We also have to not get cocky and stay observant. The best soil science asserts that we’ve only identified 2% of soil life, and know even less about the interactions and relationships between them. For those of us who are not mechanically inclined (or mechanically inept, like me), it’s like driving a car, but not completely understanding how an internal combustion engine really works. Still, everyone understands the basic principles, and to keep gas in the tank, keep the oil changed, and if you notice something odd, get it checked out. Moreover, no-till will be different on every farm based on their soil, their environment, their resources, and their community of eaters. It’s not copy and paste, and relies heavily on observation, call and response.

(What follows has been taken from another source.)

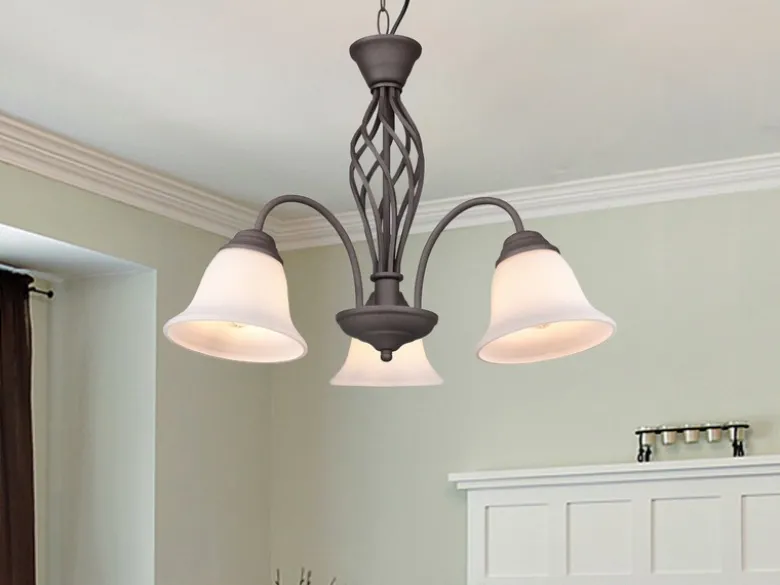 Pendelleuchte RUSTICA 3-flammig in Rostoptik mit Glasschirmen, Ø 55cm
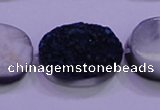 CAG8206 7.5 inches 20*30mm oval blue plated druzy agate beads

I add that last note on observation because all of this isn’t to say that all this rain is without any challenge for us, just that the challenges are manageable, even solvable. It has turned what would once have been a breakdown into a minor repair. Some pathways are certainly getting behind. I have a section of tomato plants in one area of my garden that doesn’t drain well where I’m starting to see some signs of overwatering. The carrots are not quite as easy to pull, and where I have trialed non-deep-mulch methods, there is a little mud. I also see a few places where the compost has washed down the pathways. Those are all annoying, but all fixable. I can see that the majority of my system is still functioning well and with a little tinkering, and perhaps a few adjustments for my pathways and where I place crops, I am not going to worry too hard about the rain.

I’ll worry about the microbes, though, and let them fret the weather.